Output each entry below as it stands, leaving out every picture.
[Material for the task Boundary: Start]
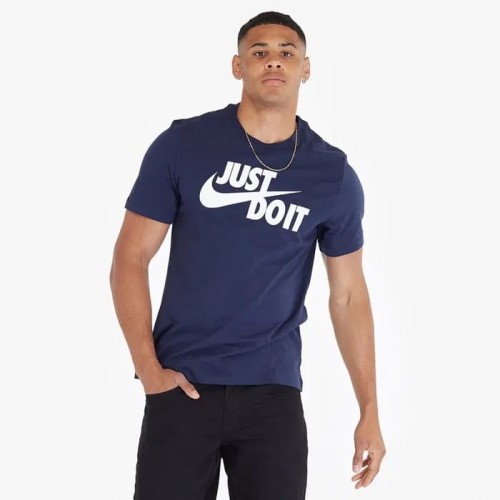 Nike M Nsw Tee New Just Do It Swoosh Dx1989 411-koszulka widok na modelu
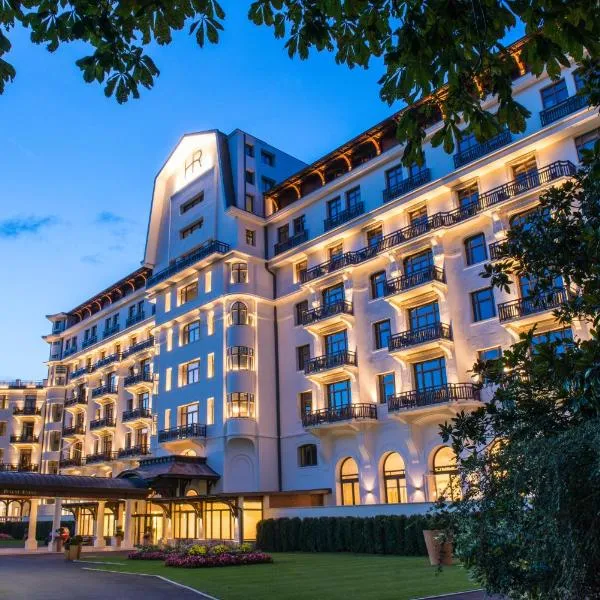 Hôtel Royal, hotel v destinaci Évian-les-Bains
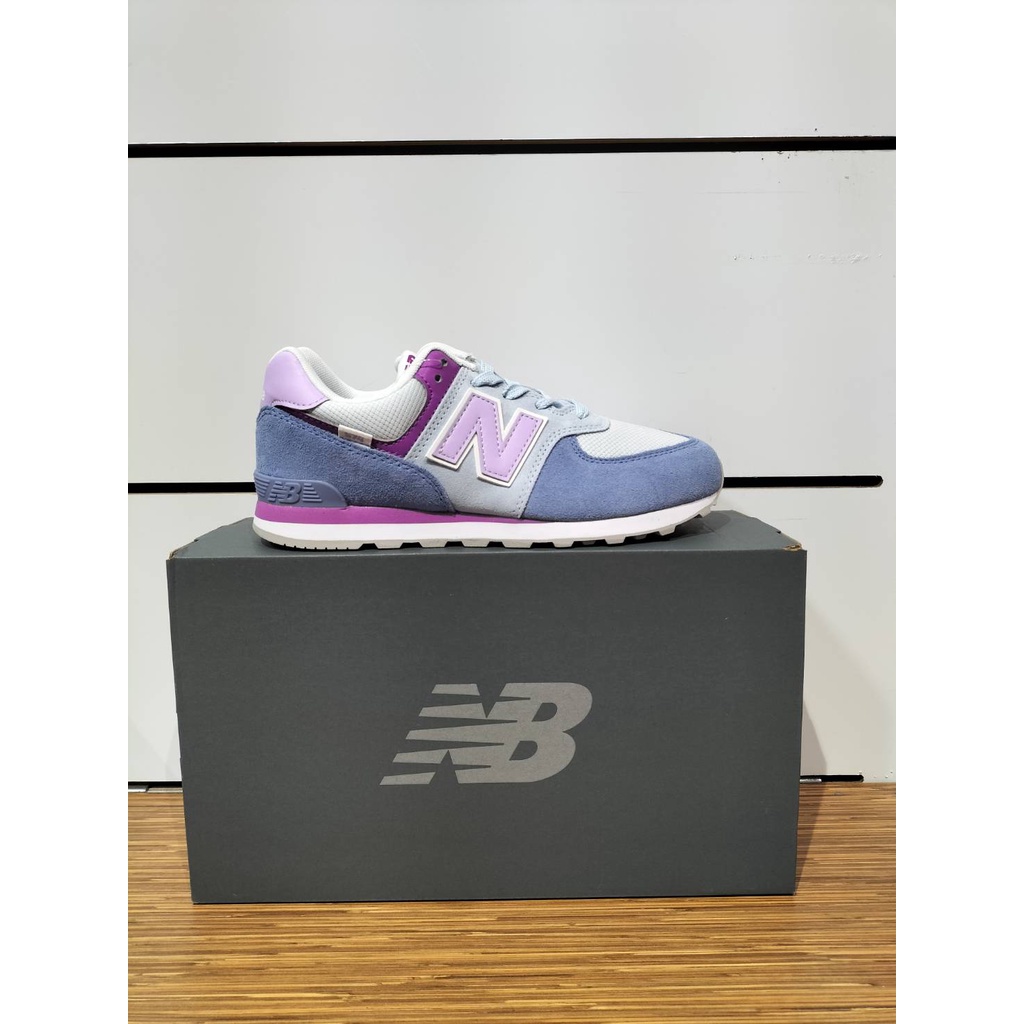 【清大億鴻】New Balance 休閒鞋 寬楦 N字鞋 麂皮 穿搭 粉嫩 大童 藍紫色  GC574SL2W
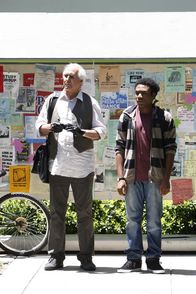 Community – Sind gemeinsam in der ganz besonderen Lerngruppe: Pierce (Chevy Chase, l.) und Troy (Donald Glover, r.) ...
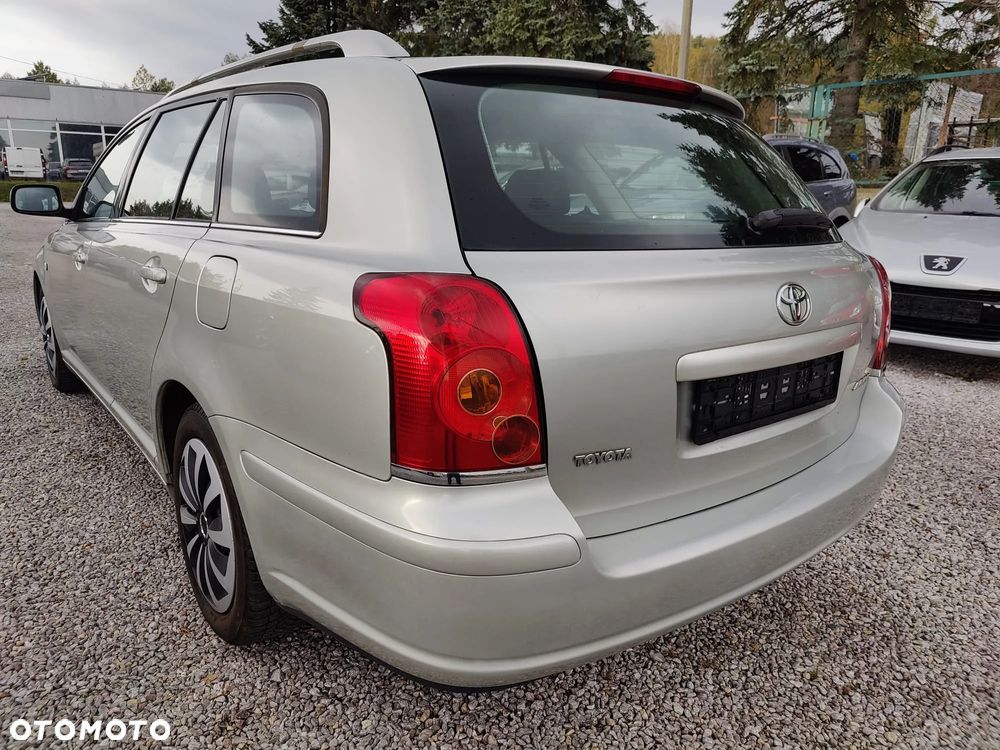Toyota Avensis - 14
[Material for the task Boundary: End]
» **Answer box**:
 Nike M Nsw Tee New Just Do It Swoosh Dx1989 411-koszulka widok na modelu
 Hôtel Royal, hotel v destinaci Évian-les-Bains
 【清大億鴻】New Balance 休閒鞋 寬楦 N字鞋 麂皮 穿搭 粉嫩 大童 藍紫色  GC574SL2W
 Community – Sind gemeinsam in der ganz besonderen Lerngruppe: Pierce (Chevy Chase, l.) und Troy (Donald Glover, r.) ...
Toyota Avensis - 14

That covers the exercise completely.